The Regina Qu’Appelle Health Region has filed a complaint with police and launched a lawsuit against a local contractor over alleged billing irregularities.

The health region says it began investigating in March 2017 after concerns were brought forward about potentially inappropriate contractor invoicing at the Regina Pioneer Village seniors’ complex.

“We immediately started an intensive and comprehensive internal investigation,” Regina Qu’Appelle Health Region president and CEO Keith Dewar said in a news release Wednesday.

“Today, we have officially filed a complaint with the Regina Police Service and have initiated a civil litigation claim against a local contractor who has performed significant work at the facility over the past several years.”
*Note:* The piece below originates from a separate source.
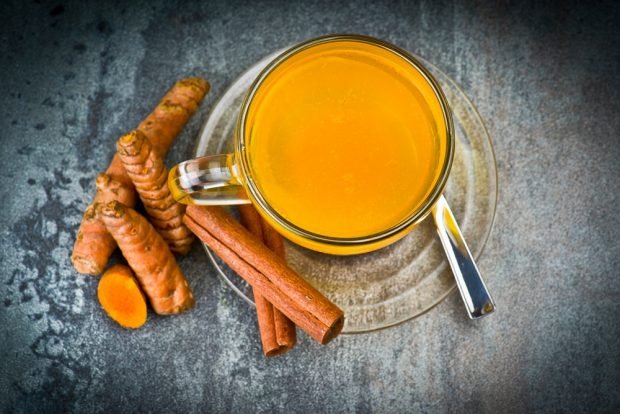 Turmeric tea is a simple and delicious recipe for cooking step by step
The health region says its internal investigation has verified that concerns focus only on administrative issues, and there is no evidence to suggest that there are concerns with the safety or quality of the work performed by the contractor.

The health region has also notified the provincial auditor and filed a loss report with the Financial Services Branch for a loss that could exceed $100,000. The amount of the loss will be further quantified through the evidence that will be gathered by the police as part of their investigation and through the civil court process, the health region said.
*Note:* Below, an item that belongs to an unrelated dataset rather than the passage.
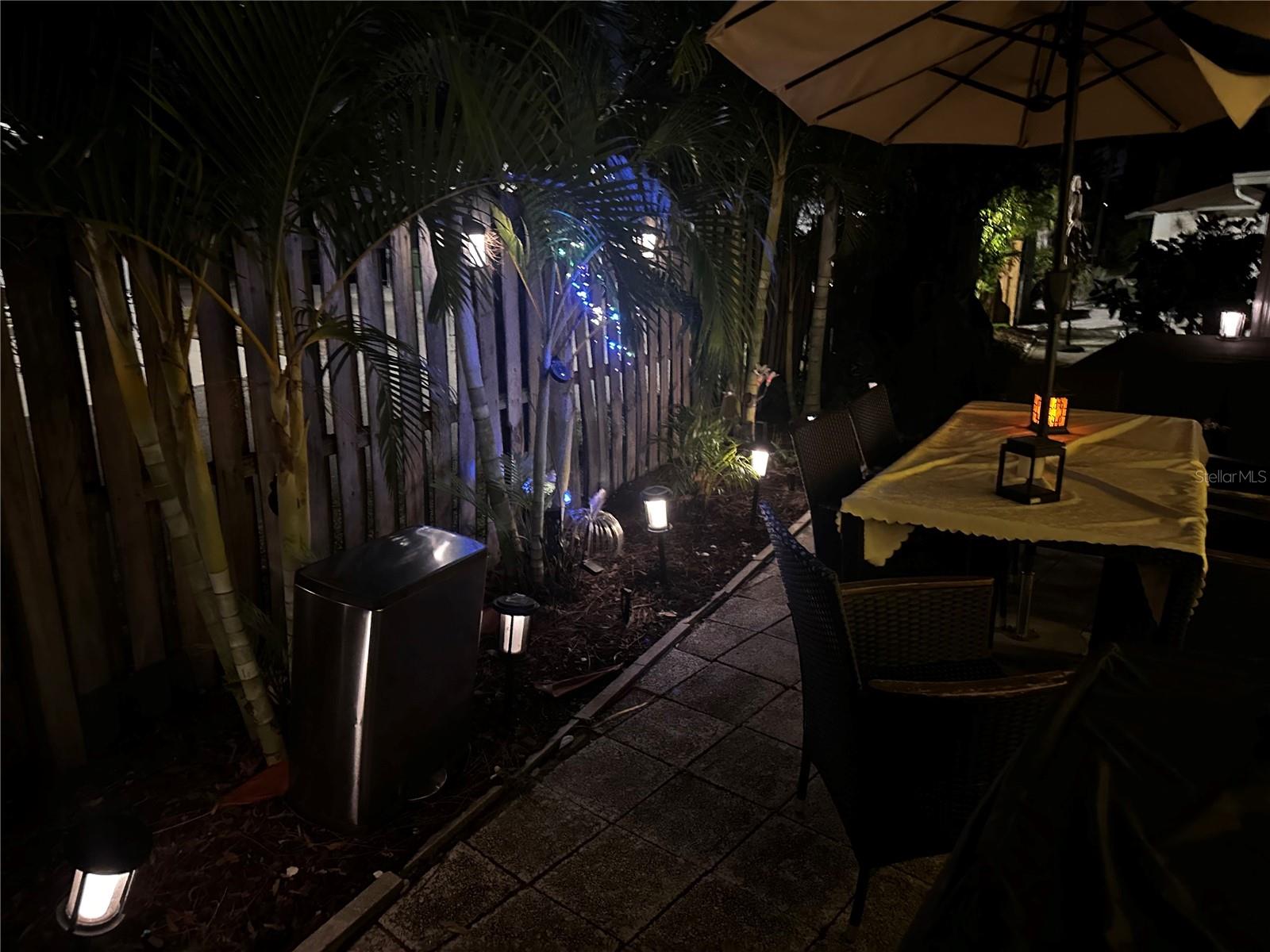 ROYAL PALM VILLAS - Residential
“RQHR recognizes the critical importance of appropriate and prudent stewardship of and accountability for public funds,” Dewar said.

“We clearly regret that this has occurred and assure the public that we will take all steps not only to recover any funds owing, but to take all appropriate measures to prevent any similar occurrences in the future.”

The health region says, as part of its investigation, it took immediate steps to remove the contractor’s ability to provide services. The Region ceased payment of all outstanding invoices pending verification of work performed.

Internal verification controls and procurement practices were improved to mitigate risk and the health region has also engaged the services of MNP to provide additional insight into areas for improvement.

“We look forward to any recommendations from MNP and the Provincial Auditor which may assist us in further tightening our controls and practices,” Dewar said.

The health region has not released the name of the contractor. The allegations have not been proven in court.